Our May 15, 2006 hearing focused on the conversations between Attorney Chester and Walker during the March 1, 2001 guilty plea hearing. Walker testified that Chester told him "we can always take the plea back and go to trial so we could buy time." (Tr. 5/15/06, Rec. Doc. No. 491, at 13.) He repeated this point throughout his testimony. (See Rec. Doc. No. 491, at 12 & 19.) Chester conceded that they discussed withdrawal of his guilty plea but denied advising Walker that he could simply plead guilty to buy time and then withdraw his plea. (Rec. Doc. No. 491, at 40 & 44.)
Our decision today depends on a credibility determination between Walker and Chester. After having witnessed and evaluated the testimony we find Walker's recollection of what Chester told him to not be credible. We believe that Walker and Chester discussed withdrawing Walker's guilty plea at a later date. However, we do not find credible Walker's testimony that Chester told him that his plea could always be withdrawn or that this would be an easy way for him to buy time in preparing for trial. At this post-conviction stage Walker has every motivation to lie about what was said to him by his attorney and his recollection of the exchanges between himself and his counsel are not plausible. Chester is an experienced federal criminal defense attorney who knows that pleas cannot simply be automatically withdrawn, or used to buy time, and would not advise a client that a plea could be used in such a manner. We do not find that attorney Chester's advice was objectively unreasonable.

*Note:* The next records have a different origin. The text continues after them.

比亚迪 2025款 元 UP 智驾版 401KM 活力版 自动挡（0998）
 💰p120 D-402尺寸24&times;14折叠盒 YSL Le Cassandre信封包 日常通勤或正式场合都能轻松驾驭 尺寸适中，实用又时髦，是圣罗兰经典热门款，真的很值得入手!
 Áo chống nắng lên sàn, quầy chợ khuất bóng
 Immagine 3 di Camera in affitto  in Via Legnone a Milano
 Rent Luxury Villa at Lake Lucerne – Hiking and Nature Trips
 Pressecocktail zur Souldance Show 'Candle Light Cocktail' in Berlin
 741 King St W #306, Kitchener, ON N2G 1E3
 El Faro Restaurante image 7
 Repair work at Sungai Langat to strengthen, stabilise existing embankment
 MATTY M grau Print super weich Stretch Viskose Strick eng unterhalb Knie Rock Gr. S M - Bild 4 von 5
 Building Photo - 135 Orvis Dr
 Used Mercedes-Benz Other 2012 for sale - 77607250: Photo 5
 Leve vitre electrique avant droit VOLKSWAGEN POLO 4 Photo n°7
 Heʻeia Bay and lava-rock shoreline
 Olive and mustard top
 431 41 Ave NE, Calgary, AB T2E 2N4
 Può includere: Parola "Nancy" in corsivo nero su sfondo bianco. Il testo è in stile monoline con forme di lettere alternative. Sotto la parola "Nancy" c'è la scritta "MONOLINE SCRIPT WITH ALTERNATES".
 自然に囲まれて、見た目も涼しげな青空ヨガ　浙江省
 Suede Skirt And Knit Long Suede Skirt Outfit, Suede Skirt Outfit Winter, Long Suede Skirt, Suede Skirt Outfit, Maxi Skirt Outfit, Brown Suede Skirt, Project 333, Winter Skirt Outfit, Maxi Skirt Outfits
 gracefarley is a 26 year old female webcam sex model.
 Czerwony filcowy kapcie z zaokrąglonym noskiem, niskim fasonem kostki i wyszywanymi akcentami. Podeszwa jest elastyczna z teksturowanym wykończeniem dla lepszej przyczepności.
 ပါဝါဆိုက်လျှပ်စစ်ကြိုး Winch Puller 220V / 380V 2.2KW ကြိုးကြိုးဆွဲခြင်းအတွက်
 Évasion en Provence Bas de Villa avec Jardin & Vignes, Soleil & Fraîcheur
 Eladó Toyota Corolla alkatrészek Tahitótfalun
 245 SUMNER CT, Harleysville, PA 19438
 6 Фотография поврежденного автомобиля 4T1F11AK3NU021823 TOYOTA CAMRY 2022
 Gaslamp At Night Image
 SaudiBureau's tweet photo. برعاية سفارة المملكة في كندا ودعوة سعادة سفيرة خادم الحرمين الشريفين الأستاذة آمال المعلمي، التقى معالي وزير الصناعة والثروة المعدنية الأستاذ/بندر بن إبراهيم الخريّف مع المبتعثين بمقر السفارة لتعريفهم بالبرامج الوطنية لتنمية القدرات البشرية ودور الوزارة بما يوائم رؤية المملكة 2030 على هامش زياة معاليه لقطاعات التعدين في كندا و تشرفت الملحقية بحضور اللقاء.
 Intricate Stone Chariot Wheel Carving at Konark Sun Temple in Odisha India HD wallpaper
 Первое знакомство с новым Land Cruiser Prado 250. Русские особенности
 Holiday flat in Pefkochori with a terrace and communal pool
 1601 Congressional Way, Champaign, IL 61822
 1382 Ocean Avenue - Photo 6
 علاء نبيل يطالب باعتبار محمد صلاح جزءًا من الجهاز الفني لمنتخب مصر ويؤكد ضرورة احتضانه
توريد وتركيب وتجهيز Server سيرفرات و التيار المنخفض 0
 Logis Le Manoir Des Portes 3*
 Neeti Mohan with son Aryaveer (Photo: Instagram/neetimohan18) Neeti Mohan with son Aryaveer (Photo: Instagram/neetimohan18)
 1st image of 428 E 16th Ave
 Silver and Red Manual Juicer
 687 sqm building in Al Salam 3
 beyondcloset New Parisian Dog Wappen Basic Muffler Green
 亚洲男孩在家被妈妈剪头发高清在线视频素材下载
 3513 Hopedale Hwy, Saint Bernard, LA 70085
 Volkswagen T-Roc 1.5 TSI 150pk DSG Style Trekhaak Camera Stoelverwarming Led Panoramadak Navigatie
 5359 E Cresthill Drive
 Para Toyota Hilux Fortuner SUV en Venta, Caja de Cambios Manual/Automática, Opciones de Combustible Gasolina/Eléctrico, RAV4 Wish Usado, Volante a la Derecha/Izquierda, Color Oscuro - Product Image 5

To the extent that Chester may have said something from which Walker inferred that he would be able to later automatically withdraw his plea, that advice was effectively negated by the court at the plea colloquy. It is possible that Chester may have possibly said something to Walker that Walker believed meant he would be able to later litigate the minimum quantity and character of the drugs presented in the case against him. However, even if Chester provided this advice, we are satisfied that our thorough and extensive colloquy clarified any confusion on the matter. (See Rec. Doc. No. 341, at 36-38.) Walker stated that he understood that by pleading guilty he was accepting criminal responsibility for distribution of a minimum of five grams of crack cocaine. (Rec. Doc. No. 341, at 38.) We are not aware of any other reason why Walker would want to withdraw his guilty plea. Our extensive colloquy demonstrates that any advice Chester may have previously given Walker regarding future litigation of the minimum quantity and character of the drugs for which he was accepting criminal responsibility did not prejudice him in such a manner that he would not have pled guilty and insisted on going to trial. See Hill, 474 U.S. at 59. Therefore, Walker cannot establish the second prong necessary to state a Strickland ineffective assistance claim, i.e., that he was prejudiced by the advice Chester provided him in connection with the guilty plea. Furthermore, Walker stated that he understood that he would not be able to withdraw his guilty plea simply because he might later be dissatisfied with a sentence we imposed on him or because we decline to follow the recommendations of the parties. (Rec. Doc. No. 341, at 43.) Walker is not entitled to collateral relief.
NOW, THEREFORE, IT IS HEREBY ORDERED THAT:
1. Walker's motion to vacate under 28 U.S.C. § 2255, as supplemented, is denied. (Rec. Doc. No. 408, 434 and 449.)
2. There is no basis for the issuance of a certificate of appealability.